Using the data below, work out how many lines contain the word "illustration", then state that number without comment.

**THE DATA**
'''

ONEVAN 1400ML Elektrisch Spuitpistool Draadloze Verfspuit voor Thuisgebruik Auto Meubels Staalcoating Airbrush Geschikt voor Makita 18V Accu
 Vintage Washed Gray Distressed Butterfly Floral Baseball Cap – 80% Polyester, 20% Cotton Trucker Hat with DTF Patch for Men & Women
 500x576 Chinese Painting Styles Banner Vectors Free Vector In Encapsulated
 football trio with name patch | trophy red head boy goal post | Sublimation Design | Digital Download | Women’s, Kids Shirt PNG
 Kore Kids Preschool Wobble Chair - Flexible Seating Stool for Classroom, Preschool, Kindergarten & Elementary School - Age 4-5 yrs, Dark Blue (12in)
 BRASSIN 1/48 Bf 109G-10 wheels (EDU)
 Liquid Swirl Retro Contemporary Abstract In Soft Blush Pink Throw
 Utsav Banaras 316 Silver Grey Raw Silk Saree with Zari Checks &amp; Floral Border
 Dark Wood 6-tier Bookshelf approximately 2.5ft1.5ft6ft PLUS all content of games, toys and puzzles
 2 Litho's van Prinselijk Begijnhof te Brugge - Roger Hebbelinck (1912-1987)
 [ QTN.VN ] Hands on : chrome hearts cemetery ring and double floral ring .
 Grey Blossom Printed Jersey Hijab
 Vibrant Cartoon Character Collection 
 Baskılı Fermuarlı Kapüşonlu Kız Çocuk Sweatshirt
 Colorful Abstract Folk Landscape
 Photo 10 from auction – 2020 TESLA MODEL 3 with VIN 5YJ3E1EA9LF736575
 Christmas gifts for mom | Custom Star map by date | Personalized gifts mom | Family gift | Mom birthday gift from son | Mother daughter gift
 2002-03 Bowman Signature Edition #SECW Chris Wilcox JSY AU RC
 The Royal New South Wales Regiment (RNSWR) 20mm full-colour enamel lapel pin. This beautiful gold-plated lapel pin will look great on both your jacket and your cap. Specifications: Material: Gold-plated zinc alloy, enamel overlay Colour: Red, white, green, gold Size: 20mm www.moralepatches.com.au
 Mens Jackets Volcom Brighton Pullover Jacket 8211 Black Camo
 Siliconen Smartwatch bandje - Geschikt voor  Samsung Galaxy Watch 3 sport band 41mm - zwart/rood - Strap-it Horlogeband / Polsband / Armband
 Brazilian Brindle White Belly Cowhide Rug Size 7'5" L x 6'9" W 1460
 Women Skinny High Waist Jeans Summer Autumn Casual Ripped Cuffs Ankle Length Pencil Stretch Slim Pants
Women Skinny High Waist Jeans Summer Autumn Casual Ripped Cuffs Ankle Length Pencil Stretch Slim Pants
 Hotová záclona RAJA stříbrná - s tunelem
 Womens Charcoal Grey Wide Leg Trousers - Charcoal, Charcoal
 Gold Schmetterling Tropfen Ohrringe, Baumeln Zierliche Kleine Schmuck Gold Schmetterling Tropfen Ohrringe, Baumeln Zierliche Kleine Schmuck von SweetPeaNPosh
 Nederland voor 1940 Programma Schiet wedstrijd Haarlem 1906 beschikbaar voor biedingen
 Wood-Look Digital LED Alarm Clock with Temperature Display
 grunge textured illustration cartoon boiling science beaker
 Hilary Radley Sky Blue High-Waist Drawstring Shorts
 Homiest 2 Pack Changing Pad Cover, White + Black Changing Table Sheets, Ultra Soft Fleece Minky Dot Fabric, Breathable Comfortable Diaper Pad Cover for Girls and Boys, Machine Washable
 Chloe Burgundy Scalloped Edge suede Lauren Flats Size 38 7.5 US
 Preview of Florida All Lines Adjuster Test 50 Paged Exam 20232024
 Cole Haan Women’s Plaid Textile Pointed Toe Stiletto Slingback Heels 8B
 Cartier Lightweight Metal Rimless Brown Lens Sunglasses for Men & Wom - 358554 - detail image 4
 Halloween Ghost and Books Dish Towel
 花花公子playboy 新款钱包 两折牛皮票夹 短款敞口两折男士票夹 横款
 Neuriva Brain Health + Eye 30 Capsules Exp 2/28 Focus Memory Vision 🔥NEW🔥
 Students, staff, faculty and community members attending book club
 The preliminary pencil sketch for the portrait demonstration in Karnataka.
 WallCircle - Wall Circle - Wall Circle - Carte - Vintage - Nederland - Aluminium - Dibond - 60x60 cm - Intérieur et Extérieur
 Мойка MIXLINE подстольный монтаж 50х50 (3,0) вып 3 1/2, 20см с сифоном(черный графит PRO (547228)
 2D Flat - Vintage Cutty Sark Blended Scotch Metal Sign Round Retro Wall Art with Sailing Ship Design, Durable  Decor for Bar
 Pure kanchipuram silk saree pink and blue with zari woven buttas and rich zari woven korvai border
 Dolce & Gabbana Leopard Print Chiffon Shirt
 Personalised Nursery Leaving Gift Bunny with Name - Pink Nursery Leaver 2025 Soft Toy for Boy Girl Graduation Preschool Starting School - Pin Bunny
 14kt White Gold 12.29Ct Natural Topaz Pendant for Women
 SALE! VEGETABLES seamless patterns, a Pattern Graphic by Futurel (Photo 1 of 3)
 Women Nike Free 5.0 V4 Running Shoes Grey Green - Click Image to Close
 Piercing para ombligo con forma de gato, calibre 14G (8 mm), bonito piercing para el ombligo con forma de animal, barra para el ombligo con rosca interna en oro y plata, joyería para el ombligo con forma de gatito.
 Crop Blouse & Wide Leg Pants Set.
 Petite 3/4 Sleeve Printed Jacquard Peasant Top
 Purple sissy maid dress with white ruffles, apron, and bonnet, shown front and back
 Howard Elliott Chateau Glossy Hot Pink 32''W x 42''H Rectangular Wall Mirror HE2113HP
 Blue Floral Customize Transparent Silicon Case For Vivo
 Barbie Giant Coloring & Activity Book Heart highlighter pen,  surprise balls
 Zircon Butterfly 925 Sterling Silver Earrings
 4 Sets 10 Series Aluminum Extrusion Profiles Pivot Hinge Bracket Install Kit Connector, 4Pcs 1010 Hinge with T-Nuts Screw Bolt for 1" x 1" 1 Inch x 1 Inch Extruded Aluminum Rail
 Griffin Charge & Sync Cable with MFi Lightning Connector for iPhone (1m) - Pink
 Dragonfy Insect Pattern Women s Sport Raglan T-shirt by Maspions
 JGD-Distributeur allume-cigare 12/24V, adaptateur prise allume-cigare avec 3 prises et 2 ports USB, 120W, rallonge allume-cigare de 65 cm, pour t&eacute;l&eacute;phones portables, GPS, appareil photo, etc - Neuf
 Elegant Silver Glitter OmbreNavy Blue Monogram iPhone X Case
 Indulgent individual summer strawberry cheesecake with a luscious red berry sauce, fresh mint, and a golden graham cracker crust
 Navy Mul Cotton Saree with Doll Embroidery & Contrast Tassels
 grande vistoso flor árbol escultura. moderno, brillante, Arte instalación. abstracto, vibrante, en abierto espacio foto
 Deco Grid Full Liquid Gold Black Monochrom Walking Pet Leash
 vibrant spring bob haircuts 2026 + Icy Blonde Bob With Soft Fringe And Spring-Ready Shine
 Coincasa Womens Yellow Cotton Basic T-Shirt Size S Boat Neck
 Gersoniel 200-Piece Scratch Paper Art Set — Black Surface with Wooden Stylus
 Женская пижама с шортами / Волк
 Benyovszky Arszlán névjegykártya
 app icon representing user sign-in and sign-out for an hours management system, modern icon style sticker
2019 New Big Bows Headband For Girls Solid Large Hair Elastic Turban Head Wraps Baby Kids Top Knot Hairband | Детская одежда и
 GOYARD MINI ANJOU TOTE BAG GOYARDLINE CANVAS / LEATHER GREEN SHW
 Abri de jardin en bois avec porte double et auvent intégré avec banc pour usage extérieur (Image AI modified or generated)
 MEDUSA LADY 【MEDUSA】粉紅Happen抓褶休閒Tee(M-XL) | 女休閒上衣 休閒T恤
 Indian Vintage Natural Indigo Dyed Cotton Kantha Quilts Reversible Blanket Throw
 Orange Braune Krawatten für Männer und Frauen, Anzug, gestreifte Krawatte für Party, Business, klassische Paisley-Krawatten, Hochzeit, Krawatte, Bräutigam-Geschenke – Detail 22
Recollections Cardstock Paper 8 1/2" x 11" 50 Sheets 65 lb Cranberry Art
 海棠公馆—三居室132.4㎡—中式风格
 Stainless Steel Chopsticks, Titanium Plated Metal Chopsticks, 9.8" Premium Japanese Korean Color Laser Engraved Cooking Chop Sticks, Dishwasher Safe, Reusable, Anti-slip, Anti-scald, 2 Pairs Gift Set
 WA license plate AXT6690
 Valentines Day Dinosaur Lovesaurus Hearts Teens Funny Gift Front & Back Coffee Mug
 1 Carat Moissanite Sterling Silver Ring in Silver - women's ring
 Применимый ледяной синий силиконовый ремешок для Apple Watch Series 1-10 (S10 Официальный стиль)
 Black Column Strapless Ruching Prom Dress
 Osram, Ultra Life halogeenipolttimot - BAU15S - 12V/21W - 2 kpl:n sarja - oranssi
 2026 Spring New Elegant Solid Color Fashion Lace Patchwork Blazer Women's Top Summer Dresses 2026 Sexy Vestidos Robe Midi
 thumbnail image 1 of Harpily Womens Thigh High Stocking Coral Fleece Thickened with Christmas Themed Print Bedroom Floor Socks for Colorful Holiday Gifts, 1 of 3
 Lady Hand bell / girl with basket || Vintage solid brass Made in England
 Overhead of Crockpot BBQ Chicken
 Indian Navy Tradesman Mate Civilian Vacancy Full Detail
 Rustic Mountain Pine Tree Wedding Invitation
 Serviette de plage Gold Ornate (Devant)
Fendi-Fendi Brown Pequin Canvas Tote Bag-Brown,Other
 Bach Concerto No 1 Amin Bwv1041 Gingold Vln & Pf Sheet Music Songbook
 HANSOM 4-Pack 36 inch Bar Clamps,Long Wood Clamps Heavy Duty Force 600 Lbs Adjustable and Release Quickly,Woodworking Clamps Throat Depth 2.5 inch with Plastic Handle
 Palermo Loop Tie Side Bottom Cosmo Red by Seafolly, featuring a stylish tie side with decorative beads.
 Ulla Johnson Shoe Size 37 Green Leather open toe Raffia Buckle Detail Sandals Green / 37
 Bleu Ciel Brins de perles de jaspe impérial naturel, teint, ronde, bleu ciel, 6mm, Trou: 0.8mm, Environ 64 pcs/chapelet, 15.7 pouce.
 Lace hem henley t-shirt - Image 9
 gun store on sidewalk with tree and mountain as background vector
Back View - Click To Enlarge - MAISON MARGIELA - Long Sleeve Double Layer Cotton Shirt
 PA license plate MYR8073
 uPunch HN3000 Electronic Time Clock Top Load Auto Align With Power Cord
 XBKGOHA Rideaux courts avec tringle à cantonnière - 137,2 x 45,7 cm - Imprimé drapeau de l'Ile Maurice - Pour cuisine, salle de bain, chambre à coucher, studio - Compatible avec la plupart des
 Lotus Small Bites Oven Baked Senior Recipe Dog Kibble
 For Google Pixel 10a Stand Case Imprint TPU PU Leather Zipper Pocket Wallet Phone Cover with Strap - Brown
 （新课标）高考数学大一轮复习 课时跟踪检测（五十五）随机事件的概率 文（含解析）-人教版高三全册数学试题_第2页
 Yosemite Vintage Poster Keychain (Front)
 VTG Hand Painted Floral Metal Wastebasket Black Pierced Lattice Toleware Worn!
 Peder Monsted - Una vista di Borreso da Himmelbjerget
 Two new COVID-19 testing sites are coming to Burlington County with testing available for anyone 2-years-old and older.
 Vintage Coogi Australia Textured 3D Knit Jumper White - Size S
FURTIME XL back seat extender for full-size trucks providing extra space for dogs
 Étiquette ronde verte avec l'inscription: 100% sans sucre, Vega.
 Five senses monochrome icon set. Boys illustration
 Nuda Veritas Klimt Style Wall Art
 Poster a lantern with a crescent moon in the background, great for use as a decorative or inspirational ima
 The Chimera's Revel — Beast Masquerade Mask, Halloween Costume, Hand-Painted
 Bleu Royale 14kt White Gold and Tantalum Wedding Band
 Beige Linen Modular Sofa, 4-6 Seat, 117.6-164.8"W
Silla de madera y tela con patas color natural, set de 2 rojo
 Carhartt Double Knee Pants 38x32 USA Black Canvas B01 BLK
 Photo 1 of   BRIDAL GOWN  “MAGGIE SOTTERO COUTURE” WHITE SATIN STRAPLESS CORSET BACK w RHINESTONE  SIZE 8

'''

**OUTPUT**
2